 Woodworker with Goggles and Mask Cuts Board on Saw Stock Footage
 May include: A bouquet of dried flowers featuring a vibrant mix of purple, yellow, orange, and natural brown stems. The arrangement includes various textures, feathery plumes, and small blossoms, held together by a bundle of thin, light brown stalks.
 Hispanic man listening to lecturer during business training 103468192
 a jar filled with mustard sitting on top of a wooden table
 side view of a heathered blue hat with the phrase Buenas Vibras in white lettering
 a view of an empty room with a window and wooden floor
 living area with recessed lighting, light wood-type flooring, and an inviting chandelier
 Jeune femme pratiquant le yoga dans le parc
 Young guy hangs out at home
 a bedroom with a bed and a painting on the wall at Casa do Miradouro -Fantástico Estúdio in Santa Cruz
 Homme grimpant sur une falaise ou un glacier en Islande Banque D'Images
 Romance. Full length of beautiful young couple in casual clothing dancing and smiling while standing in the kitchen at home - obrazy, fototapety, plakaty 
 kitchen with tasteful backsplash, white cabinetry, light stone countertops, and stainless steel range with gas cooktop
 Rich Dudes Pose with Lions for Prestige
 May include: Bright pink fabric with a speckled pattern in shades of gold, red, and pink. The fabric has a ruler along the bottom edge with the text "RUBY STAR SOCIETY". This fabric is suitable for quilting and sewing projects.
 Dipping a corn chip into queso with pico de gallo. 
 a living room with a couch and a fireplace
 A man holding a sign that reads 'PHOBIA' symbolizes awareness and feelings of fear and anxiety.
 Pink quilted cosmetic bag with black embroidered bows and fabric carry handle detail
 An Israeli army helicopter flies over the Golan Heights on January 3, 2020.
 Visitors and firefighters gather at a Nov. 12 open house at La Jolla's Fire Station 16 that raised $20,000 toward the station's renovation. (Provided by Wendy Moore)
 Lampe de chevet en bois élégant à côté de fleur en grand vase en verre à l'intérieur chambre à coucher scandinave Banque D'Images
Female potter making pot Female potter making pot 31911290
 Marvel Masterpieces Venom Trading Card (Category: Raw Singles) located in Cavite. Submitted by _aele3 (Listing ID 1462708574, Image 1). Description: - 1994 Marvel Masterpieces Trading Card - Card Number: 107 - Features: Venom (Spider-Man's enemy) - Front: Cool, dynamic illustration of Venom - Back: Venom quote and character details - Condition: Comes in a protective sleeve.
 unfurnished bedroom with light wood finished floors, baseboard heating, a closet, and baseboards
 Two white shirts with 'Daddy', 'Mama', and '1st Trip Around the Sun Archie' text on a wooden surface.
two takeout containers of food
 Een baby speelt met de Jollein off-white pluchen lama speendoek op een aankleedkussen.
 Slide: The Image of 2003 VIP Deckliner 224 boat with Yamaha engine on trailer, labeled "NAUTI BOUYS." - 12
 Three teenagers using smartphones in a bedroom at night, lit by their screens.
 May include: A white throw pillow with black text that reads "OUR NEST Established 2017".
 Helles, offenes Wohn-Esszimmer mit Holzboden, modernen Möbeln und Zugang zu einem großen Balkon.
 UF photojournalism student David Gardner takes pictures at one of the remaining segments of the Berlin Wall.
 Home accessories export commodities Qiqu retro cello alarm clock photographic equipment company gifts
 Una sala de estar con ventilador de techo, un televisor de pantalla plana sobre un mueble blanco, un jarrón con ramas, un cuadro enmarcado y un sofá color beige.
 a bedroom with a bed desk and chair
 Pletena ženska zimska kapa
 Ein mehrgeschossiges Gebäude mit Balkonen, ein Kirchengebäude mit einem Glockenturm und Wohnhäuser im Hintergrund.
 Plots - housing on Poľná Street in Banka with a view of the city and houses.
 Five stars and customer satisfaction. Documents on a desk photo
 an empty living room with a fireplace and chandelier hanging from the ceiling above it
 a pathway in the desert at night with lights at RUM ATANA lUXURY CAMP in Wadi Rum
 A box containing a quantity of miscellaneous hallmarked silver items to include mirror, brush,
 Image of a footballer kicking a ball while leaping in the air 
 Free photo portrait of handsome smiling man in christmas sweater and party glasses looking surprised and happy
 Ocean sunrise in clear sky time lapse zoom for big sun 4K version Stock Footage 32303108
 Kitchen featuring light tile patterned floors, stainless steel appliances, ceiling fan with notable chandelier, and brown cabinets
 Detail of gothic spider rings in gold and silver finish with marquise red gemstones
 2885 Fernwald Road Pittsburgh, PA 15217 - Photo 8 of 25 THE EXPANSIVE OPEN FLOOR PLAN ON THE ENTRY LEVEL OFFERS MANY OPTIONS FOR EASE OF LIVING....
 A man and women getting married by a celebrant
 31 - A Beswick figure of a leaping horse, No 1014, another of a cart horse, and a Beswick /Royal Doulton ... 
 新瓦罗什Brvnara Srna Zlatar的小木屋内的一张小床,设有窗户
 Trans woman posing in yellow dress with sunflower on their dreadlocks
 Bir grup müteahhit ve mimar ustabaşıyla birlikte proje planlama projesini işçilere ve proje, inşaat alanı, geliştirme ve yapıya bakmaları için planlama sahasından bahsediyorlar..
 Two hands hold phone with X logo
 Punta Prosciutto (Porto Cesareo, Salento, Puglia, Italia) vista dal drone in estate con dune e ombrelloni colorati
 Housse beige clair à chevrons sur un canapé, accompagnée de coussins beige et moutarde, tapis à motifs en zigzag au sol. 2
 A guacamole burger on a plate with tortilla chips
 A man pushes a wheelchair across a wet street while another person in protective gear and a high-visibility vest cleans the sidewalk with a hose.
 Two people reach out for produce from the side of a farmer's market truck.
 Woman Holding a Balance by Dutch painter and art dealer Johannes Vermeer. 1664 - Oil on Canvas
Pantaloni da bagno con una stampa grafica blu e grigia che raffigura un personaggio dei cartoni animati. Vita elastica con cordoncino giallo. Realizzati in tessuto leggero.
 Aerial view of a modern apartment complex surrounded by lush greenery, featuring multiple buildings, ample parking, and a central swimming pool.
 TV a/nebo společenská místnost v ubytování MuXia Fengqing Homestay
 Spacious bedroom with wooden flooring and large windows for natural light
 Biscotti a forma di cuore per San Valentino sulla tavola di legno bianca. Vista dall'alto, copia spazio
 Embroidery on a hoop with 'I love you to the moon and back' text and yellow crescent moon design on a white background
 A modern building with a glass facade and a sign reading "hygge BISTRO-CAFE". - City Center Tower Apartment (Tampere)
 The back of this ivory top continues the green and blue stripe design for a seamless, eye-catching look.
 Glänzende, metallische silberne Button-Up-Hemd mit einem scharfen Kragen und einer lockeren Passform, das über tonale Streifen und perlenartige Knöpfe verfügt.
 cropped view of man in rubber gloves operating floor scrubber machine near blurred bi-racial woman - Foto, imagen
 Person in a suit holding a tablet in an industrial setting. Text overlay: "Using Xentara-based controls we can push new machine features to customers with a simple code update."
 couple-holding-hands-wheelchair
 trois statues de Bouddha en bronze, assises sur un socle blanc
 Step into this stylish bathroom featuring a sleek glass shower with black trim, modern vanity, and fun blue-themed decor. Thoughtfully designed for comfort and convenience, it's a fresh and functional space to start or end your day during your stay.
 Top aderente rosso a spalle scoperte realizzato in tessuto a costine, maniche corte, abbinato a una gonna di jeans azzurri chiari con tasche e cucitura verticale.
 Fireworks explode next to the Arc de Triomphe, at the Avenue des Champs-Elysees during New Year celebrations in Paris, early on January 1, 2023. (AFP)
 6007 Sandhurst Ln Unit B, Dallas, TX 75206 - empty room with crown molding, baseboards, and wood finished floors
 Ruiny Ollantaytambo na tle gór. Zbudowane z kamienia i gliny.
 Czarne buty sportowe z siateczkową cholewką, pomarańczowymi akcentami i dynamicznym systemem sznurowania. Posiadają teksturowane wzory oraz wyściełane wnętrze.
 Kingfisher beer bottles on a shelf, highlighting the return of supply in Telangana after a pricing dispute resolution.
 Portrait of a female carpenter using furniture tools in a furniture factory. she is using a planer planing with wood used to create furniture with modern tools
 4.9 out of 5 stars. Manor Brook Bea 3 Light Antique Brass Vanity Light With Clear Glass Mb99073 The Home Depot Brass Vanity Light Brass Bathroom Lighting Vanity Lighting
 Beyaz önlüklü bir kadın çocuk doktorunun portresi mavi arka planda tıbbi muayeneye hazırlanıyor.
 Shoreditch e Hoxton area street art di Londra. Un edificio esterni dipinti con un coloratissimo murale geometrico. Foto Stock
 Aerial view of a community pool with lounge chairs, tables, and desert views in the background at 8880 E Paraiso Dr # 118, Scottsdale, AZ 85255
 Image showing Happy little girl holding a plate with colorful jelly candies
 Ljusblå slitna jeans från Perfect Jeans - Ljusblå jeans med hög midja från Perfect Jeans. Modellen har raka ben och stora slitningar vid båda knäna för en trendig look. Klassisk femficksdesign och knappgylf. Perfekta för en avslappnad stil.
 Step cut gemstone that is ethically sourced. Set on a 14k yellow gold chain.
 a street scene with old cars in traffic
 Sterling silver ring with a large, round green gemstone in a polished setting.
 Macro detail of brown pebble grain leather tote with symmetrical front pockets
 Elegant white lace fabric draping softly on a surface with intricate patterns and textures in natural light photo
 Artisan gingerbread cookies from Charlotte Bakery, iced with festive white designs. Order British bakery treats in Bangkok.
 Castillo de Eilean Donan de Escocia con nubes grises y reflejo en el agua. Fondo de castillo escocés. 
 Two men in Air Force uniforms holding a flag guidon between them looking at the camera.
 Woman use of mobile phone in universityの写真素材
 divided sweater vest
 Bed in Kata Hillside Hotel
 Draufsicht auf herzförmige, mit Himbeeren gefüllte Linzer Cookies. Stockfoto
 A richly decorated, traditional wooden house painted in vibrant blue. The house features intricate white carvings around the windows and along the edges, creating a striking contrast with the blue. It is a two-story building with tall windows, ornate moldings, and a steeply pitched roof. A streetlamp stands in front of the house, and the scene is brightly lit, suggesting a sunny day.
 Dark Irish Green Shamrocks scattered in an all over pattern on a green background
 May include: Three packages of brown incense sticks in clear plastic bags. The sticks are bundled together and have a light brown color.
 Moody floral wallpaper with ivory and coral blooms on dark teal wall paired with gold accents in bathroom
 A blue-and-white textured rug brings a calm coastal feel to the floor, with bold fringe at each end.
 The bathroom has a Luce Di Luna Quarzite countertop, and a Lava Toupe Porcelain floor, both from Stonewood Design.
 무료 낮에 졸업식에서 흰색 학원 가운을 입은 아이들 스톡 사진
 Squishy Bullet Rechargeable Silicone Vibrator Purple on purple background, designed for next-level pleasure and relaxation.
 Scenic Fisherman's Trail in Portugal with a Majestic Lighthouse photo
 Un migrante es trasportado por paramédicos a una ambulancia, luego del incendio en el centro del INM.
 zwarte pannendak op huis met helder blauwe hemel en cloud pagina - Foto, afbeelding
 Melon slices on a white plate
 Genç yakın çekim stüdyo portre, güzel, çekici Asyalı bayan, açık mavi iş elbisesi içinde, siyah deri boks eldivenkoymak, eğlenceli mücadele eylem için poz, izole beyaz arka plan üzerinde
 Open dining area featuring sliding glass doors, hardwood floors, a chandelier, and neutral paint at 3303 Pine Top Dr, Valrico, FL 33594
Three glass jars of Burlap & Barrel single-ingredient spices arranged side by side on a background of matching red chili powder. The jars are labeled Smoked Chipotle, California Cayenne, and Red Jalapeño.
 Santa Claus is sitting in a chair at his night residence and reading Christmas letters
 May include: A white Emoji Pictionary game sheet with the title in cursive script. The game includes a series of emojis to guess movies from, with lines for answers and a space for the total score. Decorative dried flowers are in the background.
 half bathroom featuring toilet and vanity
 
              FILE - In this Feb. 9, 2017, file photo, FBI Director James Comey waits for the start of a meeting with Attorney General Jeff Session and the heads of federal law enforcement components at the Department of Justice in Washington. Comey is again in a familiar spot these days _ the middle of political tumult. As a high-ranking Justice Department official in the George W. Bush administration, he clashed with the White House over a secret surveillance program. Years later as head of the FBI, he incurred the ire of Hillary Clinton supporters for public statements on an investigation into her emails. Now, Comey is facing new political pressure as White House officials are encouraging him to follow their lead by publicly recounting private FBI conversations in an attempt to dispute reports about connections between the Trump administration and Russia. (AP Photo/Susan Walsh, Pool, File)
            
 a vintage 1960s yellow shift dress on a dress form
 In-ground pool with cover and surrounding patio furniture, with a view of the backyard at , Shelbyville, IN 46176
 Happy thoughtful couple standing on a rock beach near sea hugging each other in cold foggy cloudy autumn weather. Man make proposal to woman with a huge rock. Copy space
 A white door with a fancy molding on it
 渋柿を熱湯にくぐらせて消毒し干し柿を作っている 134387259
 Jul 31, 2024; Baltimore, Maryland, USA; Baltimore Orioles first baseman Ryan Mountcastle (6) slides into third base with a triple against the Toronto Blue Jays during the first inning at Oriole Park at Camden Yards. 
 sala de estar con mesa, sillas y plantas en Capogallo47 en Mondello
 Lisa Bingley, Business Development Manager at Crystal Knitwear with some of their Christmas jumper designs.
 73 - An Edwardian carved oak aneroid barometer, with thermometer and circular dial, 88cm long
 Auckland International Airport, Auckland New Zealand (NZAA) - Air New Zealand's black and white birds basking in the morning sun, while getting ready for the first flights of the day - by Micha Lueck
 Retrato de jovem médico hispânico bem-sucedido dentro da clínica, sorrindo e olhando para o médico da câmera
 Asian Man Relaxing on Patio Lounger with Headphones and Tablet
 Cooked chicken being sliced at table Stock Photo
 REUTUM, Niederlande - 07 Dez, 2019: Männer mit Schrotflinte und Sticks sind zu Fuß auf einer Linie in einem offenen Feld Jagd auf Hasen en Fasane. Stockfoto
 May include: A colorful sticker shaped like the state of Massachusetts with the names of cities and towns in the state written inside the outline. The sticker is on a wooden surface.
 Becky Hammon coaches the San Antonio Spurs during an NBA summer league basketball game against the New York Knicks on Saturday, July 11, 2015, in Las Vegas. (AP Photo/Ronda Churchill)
====
### Your assignment
With the line holding "渋柿を熱湯にくぐらせて消毒し干し柿を作っている 134387259" as the first and the line holding "73 - An Edwardian" as the last, please transcribe exactly the lines of the material above in that range and nothing else.

### Solution to this problem
 渋柿を熱湯にくぐらせて消毒し干し柿を作っている 134387259
 Jul 31, 2024; Baltimore, Maryland, USA; Baltimore Orioles first baseman Ryan Mountcastle (6) slides into third base with a triple against the Toronto Blue Jays during the first inning at Oriole Park at Camden Yards. 
 sala de estar con mesa, sillas y plantas en Capogallo47 en Mondello
 Lisa Bingley, Business Development Manager at Crystal Knitwear with some of their Christmas jumper designs.
 73 - An Edwardian carved oak aneroid barometer, with thermometer and circular dial, 88cm long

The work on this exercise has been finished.